SI QUIEREN PROFUNDIZAR…
Apichatpong Weraseethakul (Joe para los amigos) sabe de cine, y por eso sabe que si cierras el diafragma de la cámara, subexpones la película y proyectas esta imagen subexpuesta en una sala de cine, la pupila del espectador se dilatará para compensar la falta de luz y acomodarse progresivamente a estas nuevas condiciones lumínicas… Ya, ¿ y qué? ¿Por eso una película es buena? Venga, va… Lo dices para fardar delante de las nenas. Tal vez, pero lo cierto es que en los primeros minutos de la cinta no vemos un carajo. A duras penas entrevemos al búfalo huyendo hacia la selva, mientras nuestros ojos piden un poca más de luz. Inmediatamente después de que alguien aparezca en el bosque y agarre al animal extraviado para llevárselo de vuelta al pueblo, una inquietante figura se descubre ante nosotros. Lo de menos es la oscura silueta, son sus brillantes ojos rojos lo que nos turba. Y es entonces cuando Weraseethakul invoca la magia que estaba buscando, haciendo que nuestros ojos, huérfanos como estaban de cualquier claridad, se claven en los de la misteriosa criatura. Nuestro amigo Joe parece querer decirnos: «Nosotros quizá ya no, pero ¿veis como hay seres capaces de ver en plena noche?». A lo que podríamos añadir lo que uno de los personajes dice en el descenso a la caverna, hacia el final de la película: “tenemos que preparar nuestros ojos para ver en la oscuridad”. No tengo demasiado claro que quiere decir todo esto, pero sigamos adelante.

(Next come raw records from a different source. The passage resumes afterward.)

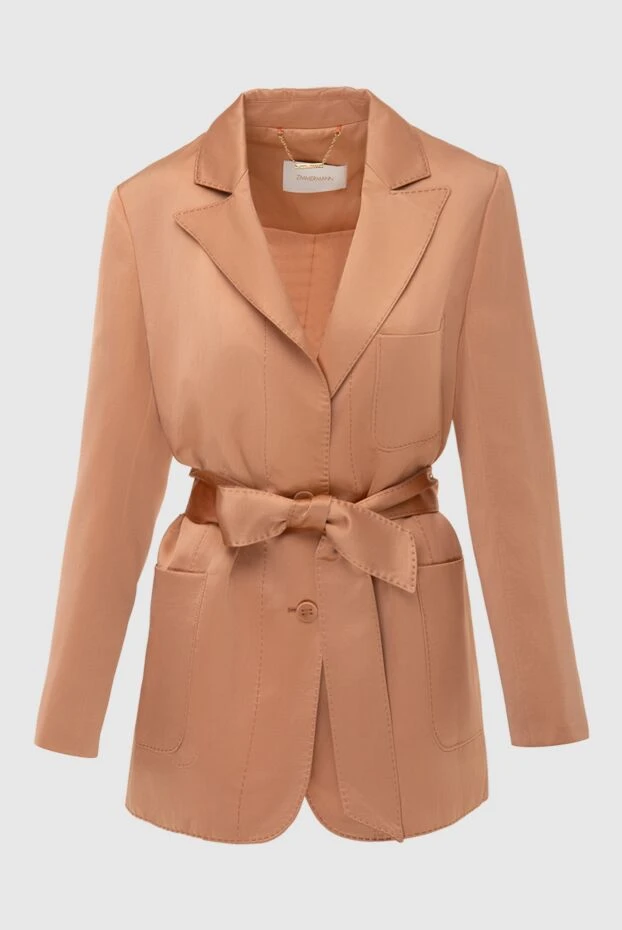 Жакет длинный женский коричневый с поясом - фото 1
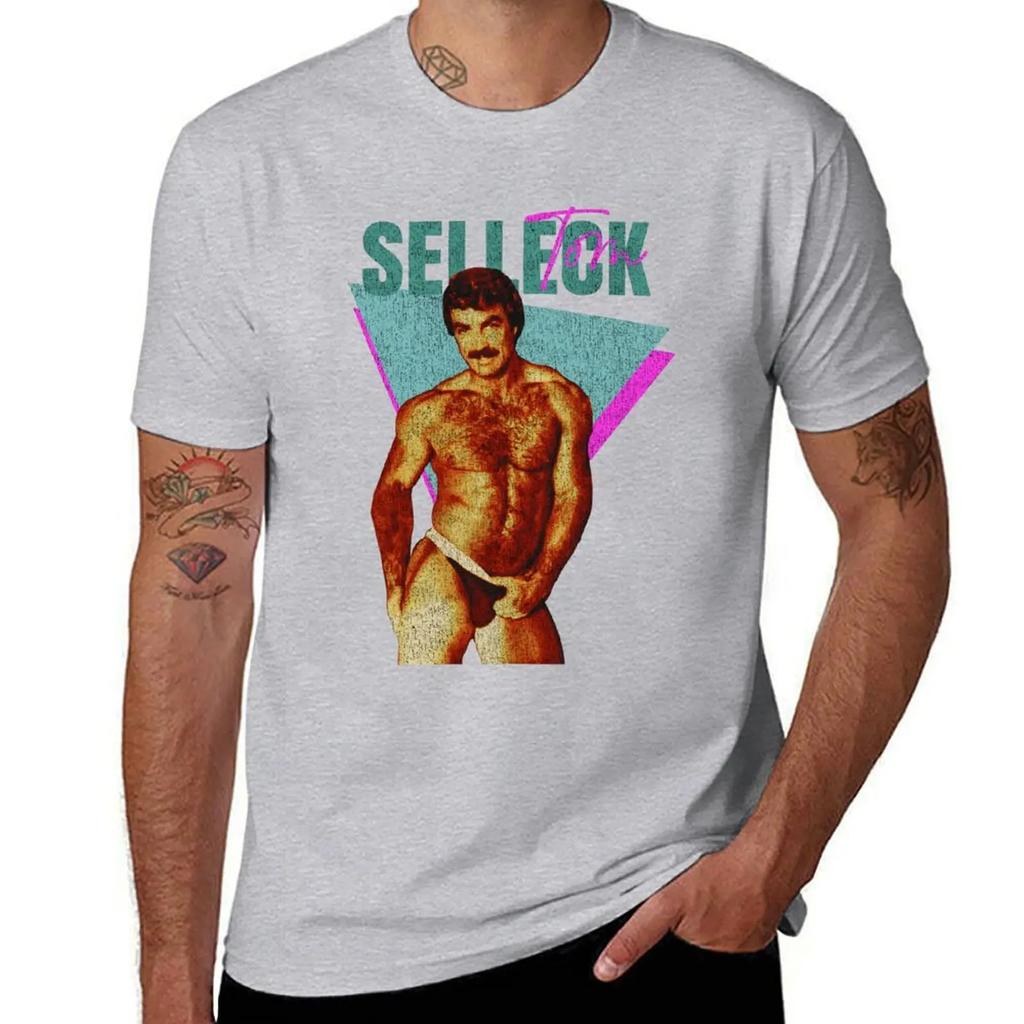 Vintage Distressed Tom Selleck Tshirt Hippie Clothes Basketball Graphic Tees Baggy Shirts Unisexs Champion T Shirts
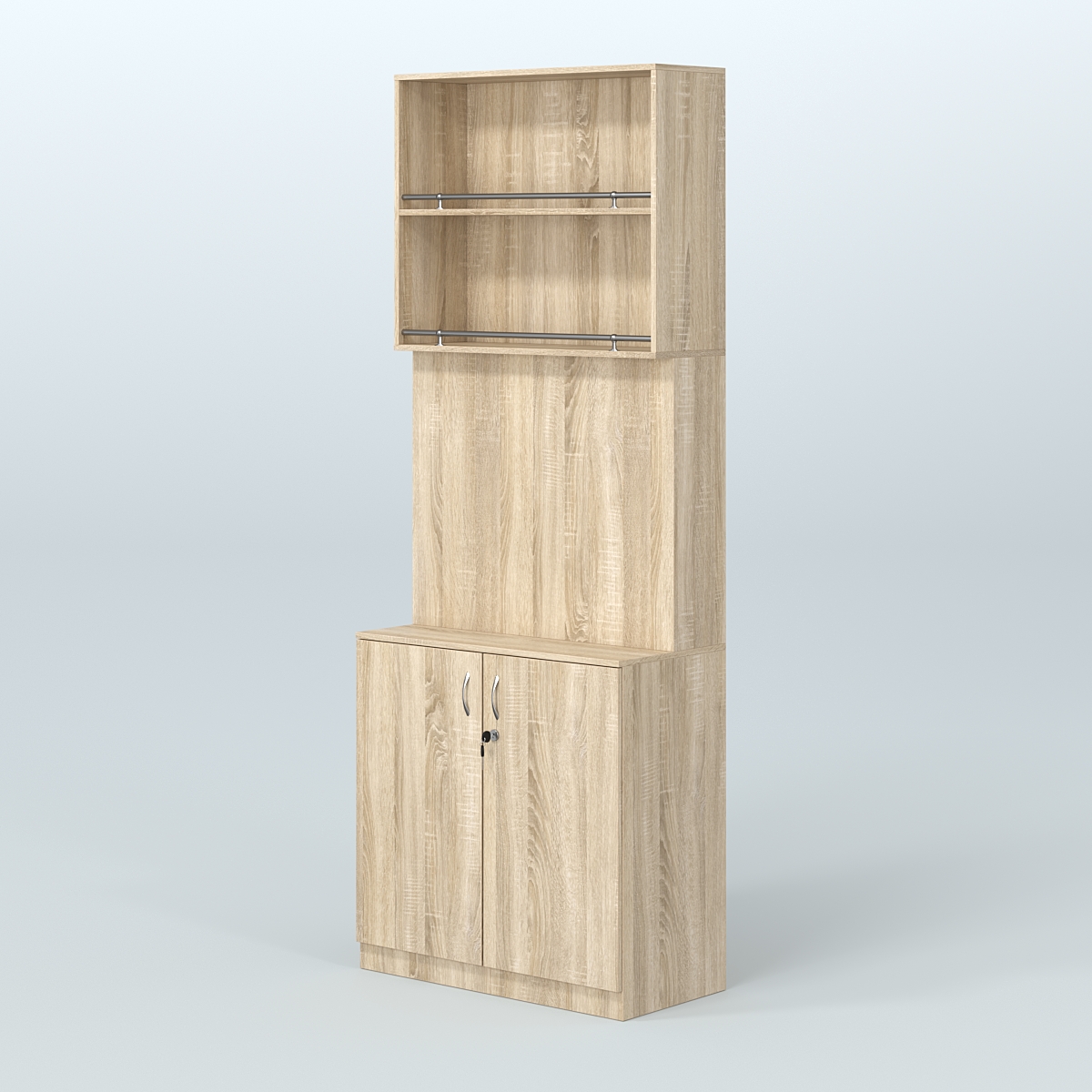 Высокий специализи- рованный стеллаж из ДСП под врезные краны с накопителем для магазина разливного пива и рыбы BEER&FISH-СПД-04 Дуб сонома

El tio Boonmee reune a sus dos últimos acompañantes en vida en torno a una mesa en el porche de la casa, bajo la luz de una bombilla. De pronto y, sin explicación aparente, de la oscuridad emerge la enigmática figura de ojos rojos que se acerca con calma a la mesa. Ante el asombro de los presentes, la luz de la bombilla va desvelando lo que resulta ser un especia de hombre-mono de ojos inyectados en sangre. A pesar de su aspecto hostil, nada en su comportamiento anima a pensar en malas intenciones, y se sienta a la mesa. Dice ser el hijo de Boonmee que años atrás desapareció. A continuación, su mujer fallecida también se hace visible, aunque no corpórea, allí, sentada como una más. Aquí no hay efectos digitales, ni captura de movimiento, ni sofisticados sistemas de renderizado. Sencillamente las primitivas técnicas de truca que los exploradores del cinematógrafo como Méliès descubrieron en sus albores, o la todavía más antigua técnica del disfraz (o caracterización, para el que no crea que el término es suficientemente digno). Es así que la película se transforma en una historia de monstruos y fantasmas, que ya no dan miedo. Sólo se sientan allí, junto a su familiar moribundo para acompañarle en sus últimos momentos. Boonmee no es sólo un hombre que muere, también es el ocaso de una forma de cine basada en la luz, una caja negra y material fotosensible.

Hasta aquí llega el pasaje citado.